Second: lets simulate event-driven processing by adding each item via scheduling code to run later. This is closer to normal asynchronous event processing common to an http server responding to requests for example.

1
2
3
4
5
6
7
8
9
10
11
12
13
14
15
var items;
function addItems() {
items = []; // 1
function add(j) {
items.push(j);
if (j === n - 1) {
console.log('async', items.length); // 2
}
}
for (var k = 0; k < n; k += 1) {
process.nextTick(add.bind(null, k)); // 3
}
}
addItems(); // 4
addItems(); // 5
// prints
async 100
async 200

The output is unexpected, the second result is wrong! Did it not initialize the items array properly? Yes it did, but the execution order here is not what you would expect. Instead it goes something like this:

  • variable items is created in the first line
  • first call to addItems // 4 executes
  • items is set to empty array in // 1
  • add(0) code block is placed onto the event queue by // 3
  • add(1) code block is placed onto the event queue by // 3
    • same for add(2), ..., add(99)
  • The for loop completes. The current stack continues to run! It exits addItems and get to next addItems //5
  • items (still empty) is set to empty array again in // 1
  • Another 100 calls to add are placed on the event queue, making 200 code blocks there.
  • addItems returns and the main block exits
  • first 100 add code blocks execute before printing first items.length in // 2
  • second 100 add code blocks execute
  • unexpected 200 is printed in // 2 because there was no items reset.

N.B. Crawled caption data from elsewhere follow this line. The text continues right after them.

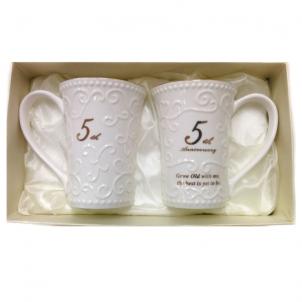 Set Of 2 5Th Anniversary Mug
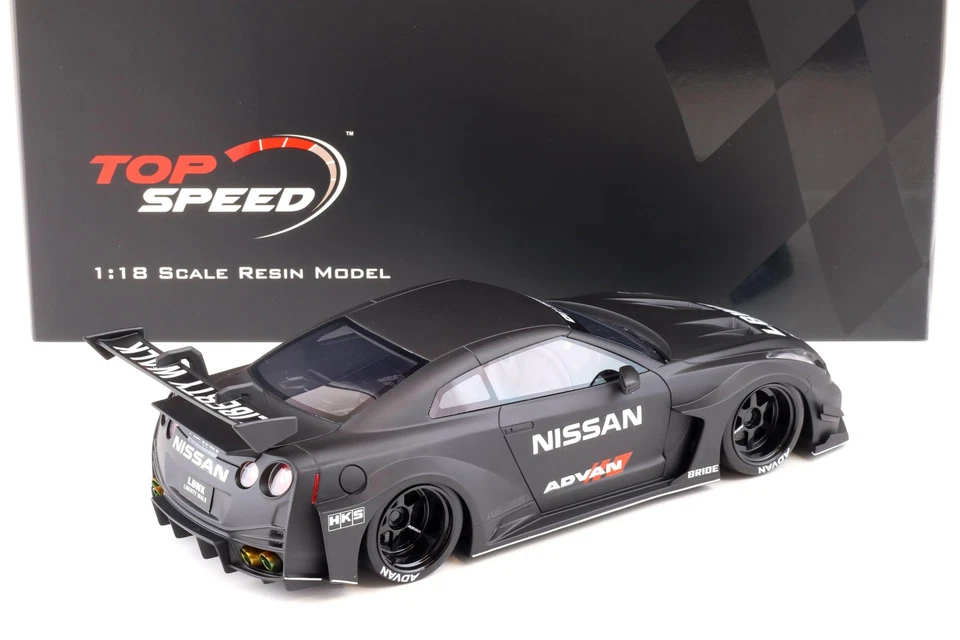 1:18 Top Speed LB-Silhouette WORKS GT Nissan 35GT-RR Ver.2 Nero Opaco TS0356 - Immagine 3 di 4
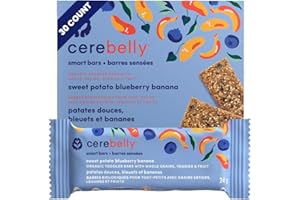 Cerebelly Toddler Snack Bars - Organic Sweet Potato Banana Blueberry, 30 Pack|Barres-collations Cerebelly Pour Tout-Petits -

Fix: make items variable private to each execution:

1
2
3
4
5
6
7
8
9
10
11
12
13
14
function addItems() {
var items = []; // 1
function add(j) {
items.push(j);
if (j === n - 1) {
console.log('async', items.length); // 2
}
}
for (var k = 0; k < n; k += 1) {
process.nextTick(add.bind(null, k)); // 3
}
}
addItems(); // 4
addItems(); // 5
async 100
async 100  // excellent!

By making items in // 1 private to addItems we create separate copy for each call of addItems. First 100 calls to add thus are bound to first copy, while the second 100 are bound to the second copy.

Third: lets write async code using promises

I use my favorite Q library, but feel free to use any implementation.

1
2
3
4
5
6
7
8
9
10
11
12
13
14
15
var items;
function addItems() {
items = []; // 1
function add(j) {
items.push(j);
return items.length; // 2
}
var chain = Q();
for (var k = 0; k < n; k += 1) {
chain = chain.then(add.bind(null, k)); // 3
}
return chain;
}
addItems().then(console.log); // 4
addItems().then(console.log); // 5
// prints
199
200

Now this result is even weirder than async example!

Here is what happens:

The two promise chains take turns, each executing one link at a time and then scheduling next link onto the event queue. Classic concurrency, except each code block cannot be preempted in the middle by design.

  • a chain of 100 promises is constructed by addItems() in // 4
    • the first link is placed onto the event queue
    • the last link will return the length of items array
  • a chain of 100 promises is constructed by addItems() in // 5
    • the first link is placed onto the event queue
    • the last link will return the length of items array
  • the chain does not start execution until the current execution stack exits
  • first link of the first chain executes, then adds second link of the first chain to the even queue. Then it exits.
  • first link of the second chain executes, adding its second link to the event queue.
  • second link of the first chain executes, etc.
  • last link (number 100) of the first chain executes. By this time 99 links of the second chain have finished, adding the extra 99 items to the array. Thus first console.log prints 199.
  • last link of the second chain finishes, printing 200.

The solution again is to move the items variable into the addItems function, making two separate copies for two promise chains.

Conclusion

Nodejs makes event-driven programming so easy, that sometimes it hides its turn by turn event queue nature. When starting with sync code, and then changing to async (using promises for example), it is easy to overlook the changed access order to shared data.

My advice to avoid running into this problem is too keep data in as small of scope as possible, minimizing chances that separate interior code blocks having access are going to run out of expected order.